Yes, sorry, CYPRESS mulch. Sometimes my fingers work faster than my brain and have their own thoughts. LOL. I had a humidifier in the inside pen, and I sprayed it every evening, but I just could not keep the dust down. You've seen my "girls" - no pyramiding, no dryness, soaked every night, but boy, that coir.


----------



## kaycov (Aug 23, 2020)

And in thinking about it, the inside pen is 8' X 8' (a room dedicated to the beasts) - perhaps I just couldn't keep it moist enough because of the size? I used to pour pans of water in it and stir it all around, and the next day, it would be as dry as a bone again. They used to be in a 4' X 4', but as they've grown, I wanted them to have a larger enclosure so I doubled the size. They have a pen that size because here in SC, they cannot always go out if it's too cold (and we do have some pretty cold days and nights), and they always come in at night so I wanted them to have a nice, big area - which they do. The outside pen is 8' X 10'


----------



## Tom (Aug 23, 2020)

Karen Covill said:


> And in thinking about it, the inside pen is 8' X 8' (a room dedicated to the beasts) - perhaps I just couldn't keep it moist enough because of the size? I used to pour pans of water in it and stir it all around, and the next day, it would be as dry as a bone again. They used to be in a 4' X 4', but as they've grown, I wanted them to have a larger enclosure so I doubled the size. They have a pen that size because here in SC, they cannot always go out if it's too cold (and we do have some pretty cold days and nights), and they always come in at night so I wanted them to have a nice, big area - which they do. The outside pen is 8' X 10'


Spraying the surface does very little, as you've seen. Dumping water in requires a thick enough layer to hold some of the moisture while considering your room humidity, ventilation and heating strategy.

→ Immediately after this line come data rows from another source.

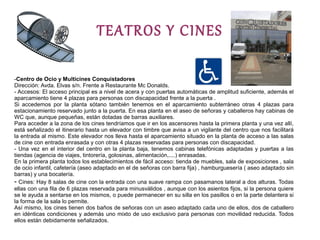 TEATROS Y CINES

-Centro de Ocio y Multicines Conquistadores
Dirección: Avda. Elvas s/n. Frente a Restaurante Mc Donalds.
- Accesos: El acceso principal es a nivel de acera y con puertas automáticas de amplitud suficiente, además el
aparcamiento tiene 4 plazas para personas con discapacidad frente a la puerta .
Si accedemos por la planta sótano también tenemos en el aparcamiento subterráneo otras 4 plazas para
estacionamiento reservado junto a la puerta. En esa planta en el aseo de señoras y caballeros hay cabinas de
WC que, aunque pequeñas, están dotadas de barras auxiliares.
Para acceder a la zona de los cines tendríamos que ir en los ascensores hasta la primera planta y una vez allí,
está señalizado el itinerario hasta un elevador con timbre que avisa a un vigilante del centro que nos facilitará
la entrada al mismo. Este elevador nos lleva hasta el aparcamiento situado en la planta de acceso a las salas
de cine con entrada enrasada y con otras 4 plazas reservadas para personas con discapacidad.
- Una vez en el interior del centro en la planta baja, tenemos cabinas telefónicas adaptadas y puertas a las
tiendas (agencia de viajes, tintorería, golosinas, alimentación,....) enrasadas.
En la primera planta todos los establecimientos de fácil acceso: tienda de muebles, sala de exposiciones , sala
de ocio infantil, cafetería (aseo adaptado en el de señoras con barra fija) , hamburguesería ( aseo adaptado sin
barras) y una bocatería.
- Cines: Hay 8 salas de cine con la entrada con una suave rampa con pasamanos lateral a dos alturas. Todas
ellas con una fila de 6 plazas reservada para minusválidos , aunque con los asientos fijos, si la persona quiere
se le ayuda a sentarse en los mismos, o puede permanecer en su silla en los pasillos o en la parte delantera si
la forma de la sala lo permite.
Así mismo, los cines tienen dos baños de señoras con un aseo adaptado cada uno de ellos, dos de caballero
en idénticas condiciones y además uno mixto de uso exclusivo para personas con movilidad reducida. Todos
ellos están debidamente señalizados.
 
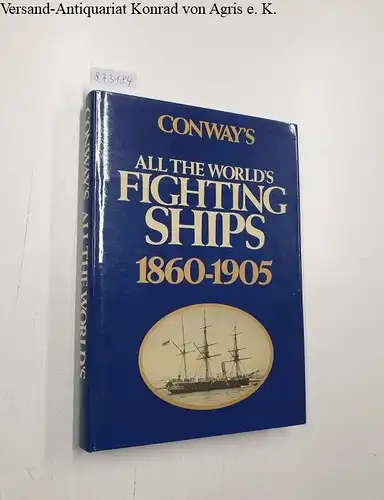 Gardiner, Robert, Roger Chesneau and Eugene Kolesnik (Hrsg.): Conway's All The World's Fighting Ships 1860-1905. 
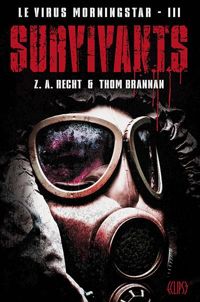 Z. A. Recht - Thom Brannan - : survivants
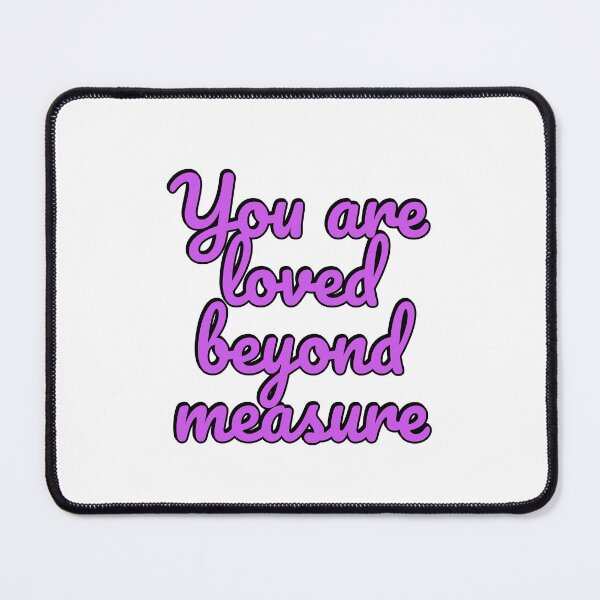 Item preview, You Are Loved Beyond Measure  designed and sold by Inspirationmotivation.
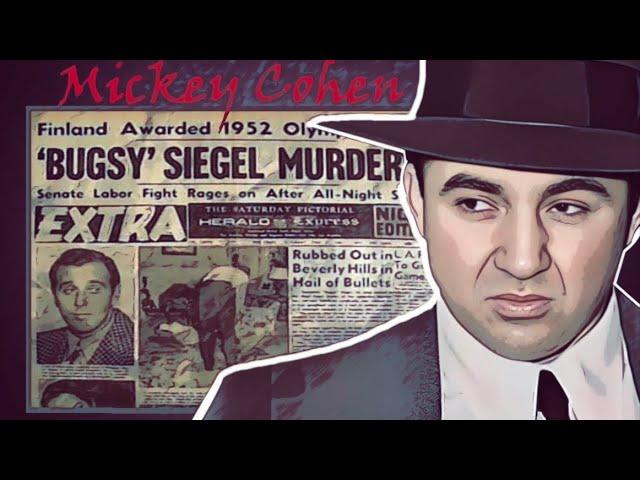 Did Mickey Cohen TAKE OUT Bugsy Siegel to become Hollywood Mob Boss?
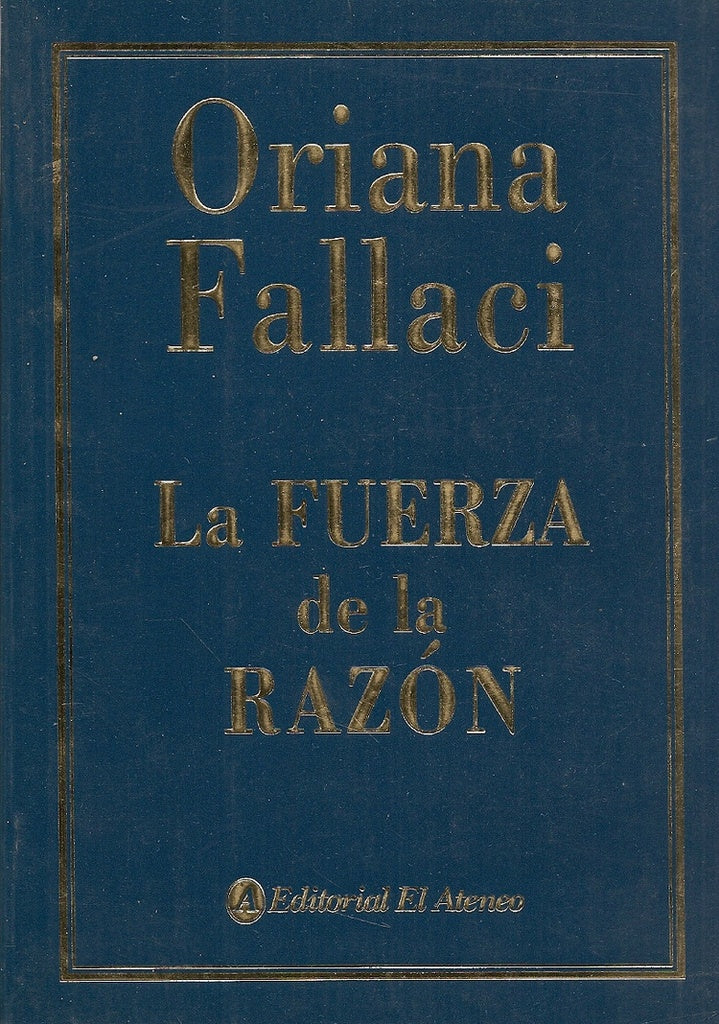 LA FUERZA DE LA RAZON | Oriana Fallaci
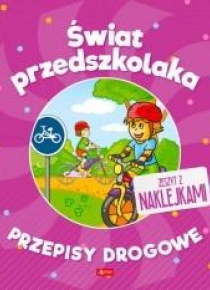 Świat przedszkolaka. Przepisy drogowe
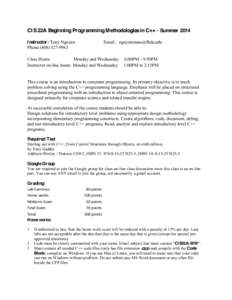 CI S 22A Beginning Programming M ethodologies in C++ - Summer 2014 I nstructor: Tony Nguyen Phone[removed]Email: [removed]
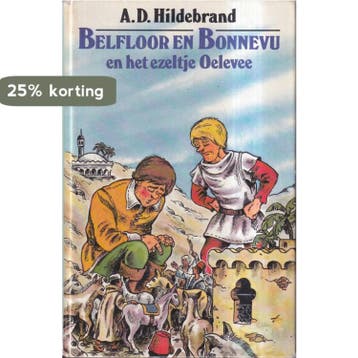 Belfloor en Bonnevu en het ezeltje Oelevee 9789010038869, Boeken, Verzenden, Gelezen, Hildebrand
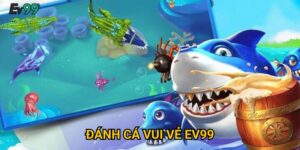 Đánh cá vui vẻ Ev99: Hướng dẫn bắn cá và mẹo thắng dễ dàng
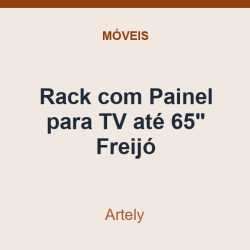 Rack com Painel para TV Artely até 65" Freijó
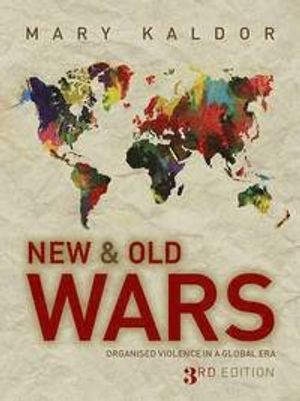 New and old wars : organized violence in a global era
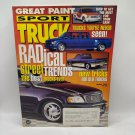 Great Paint Sport Truck Magazine March 1997 Radical Trends & Street Trucks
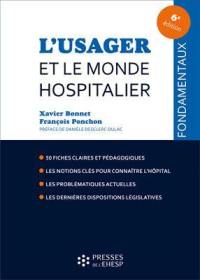 L'usager et le monde hospitalier : 50 fiches pour comprendre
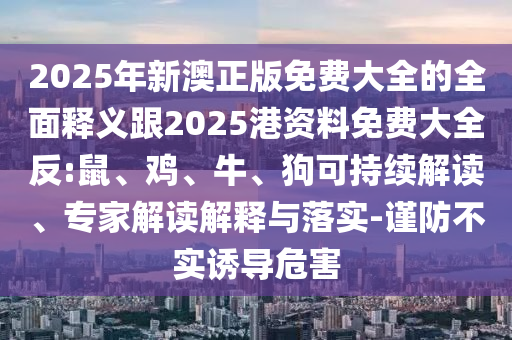 2025年新澳正版免費大全的全面釋義跟2025港資料免費大全反:鼠、雞、牛、狗可持續(xù)解讀、專家解讀解釋與落實-謹防不實誘導危害
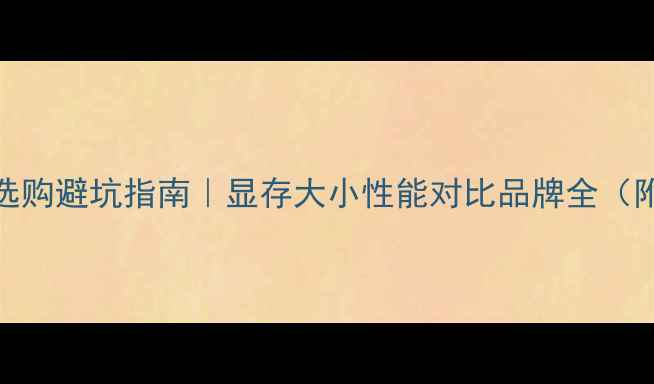 图片 🔥电脑显卡选购避坑指南｜显存大小性能对比品牌全（附实测清单）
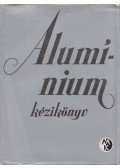 Dr. Köves Elemér (főszerk.) - Alumínium kézikönyv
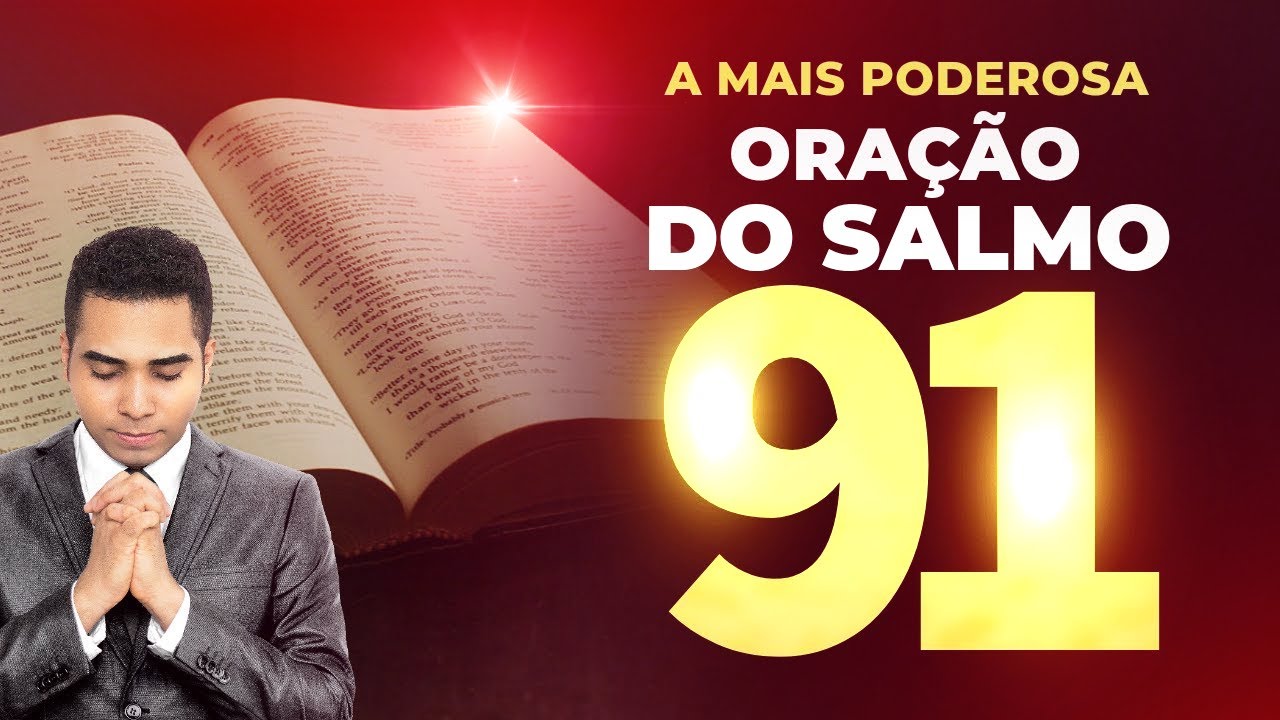 MARAVILHOSA ORAÇÃO DO SALMO 91 PARA FORTALECER A SUA FÉ - YouTube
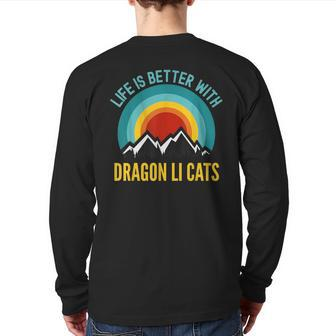 Life Is Better With Dragon Li Cats Back Print Long Sleeve T-shirt | Mazezy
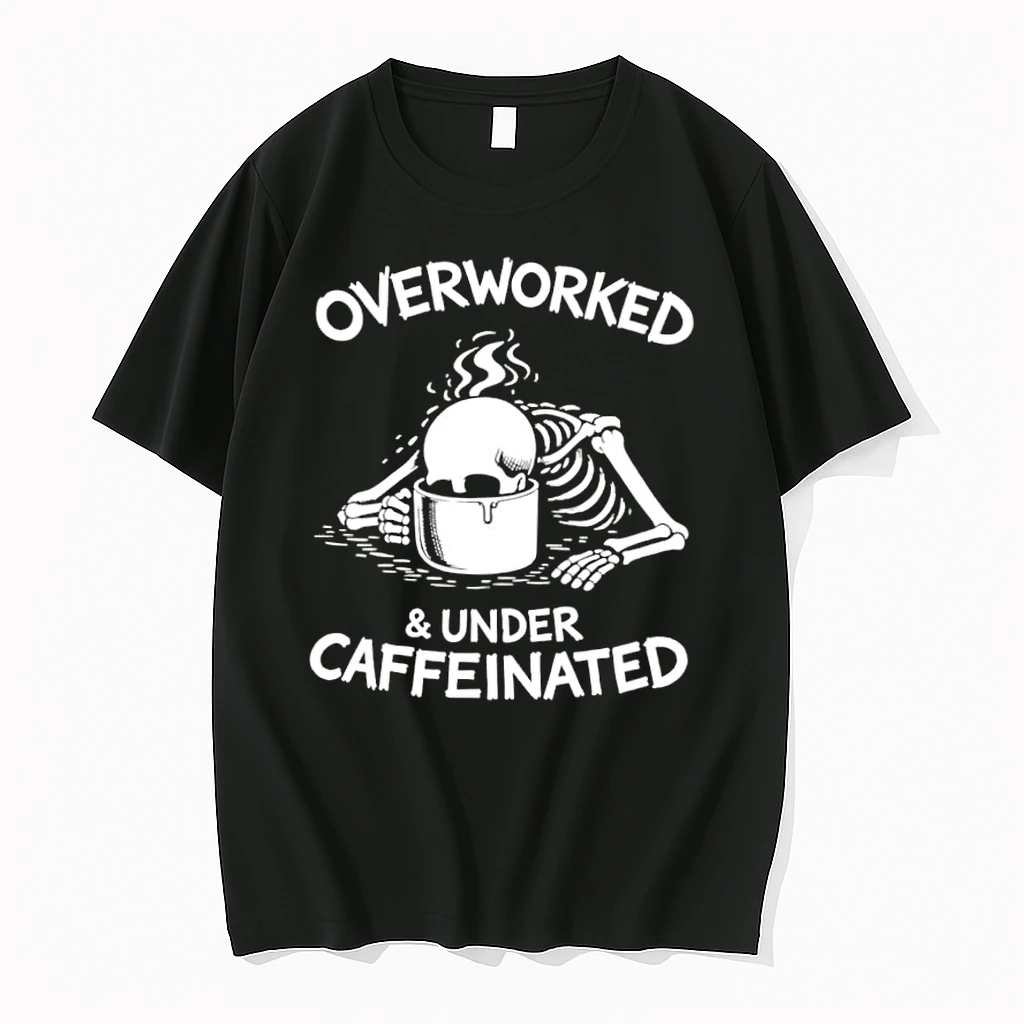 Overworked Under Caffeinated Skeleton Drinking Coffee Graphic Shirts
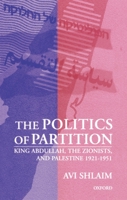 The Politics of Partition: King Abdullah, the Zionists, and Palestine 1921-1951 0231073658 Book Cover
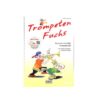 Trompetenfuchs Band 2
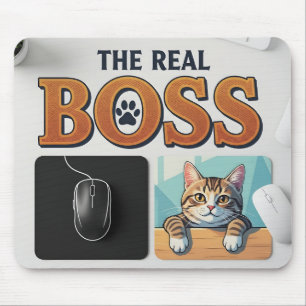 Funny Pet Parent The Real Boss Office Decor Mouse Mat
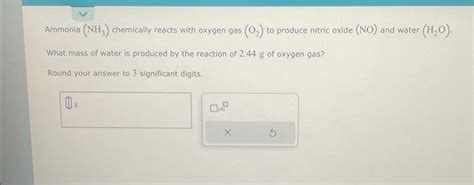 Solved Ammonia Nh3 Chemically Reacts With Oxygen Gas O2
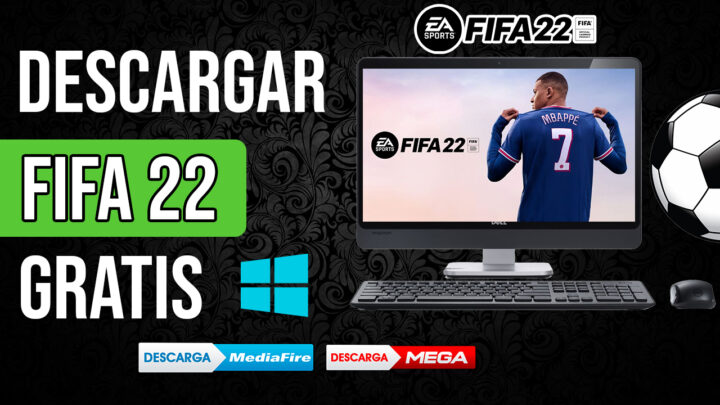 Descargar FIFA 22 GRATIS Para PC Windows 7, 8, 10 y 11 Ultima Version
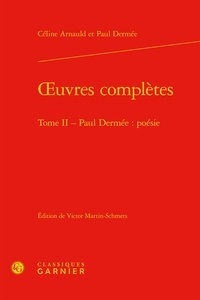 Céline Arnauld et Paul Dermée - Oeuvres complètes - Tome 2 : Paul Dermée: poésie.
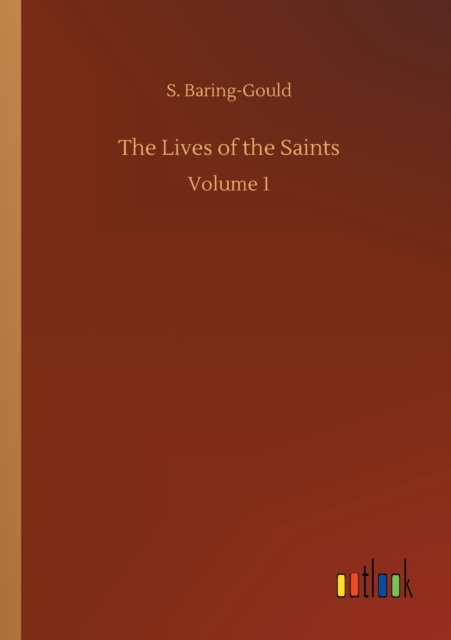 The Lives of the Saints : Volume 1, Paperback / softback Book
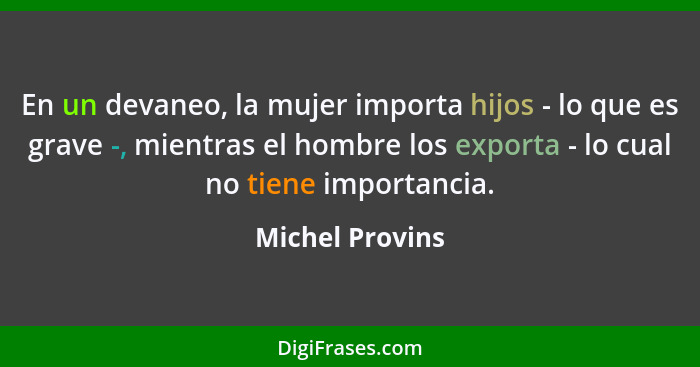 En un devaneo, la mujer importa hijos - lo que es grave -, mientras el hombre los exporta - lo cual no tiene importancia.... - Michel Provins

Coco coir is a good substrate for many tortoise housing situation as long as its used correctly. I hate to see people discouraged from using it because you had a bad experience from using it too dry.


----------



## kaycov (Aug 23, 2020)

It is not my intention to discourage people from using it. Just saying that once I made a big pen, it didn't work for me. I couldn't keep it moist enough. I'm sure it works for others.


----------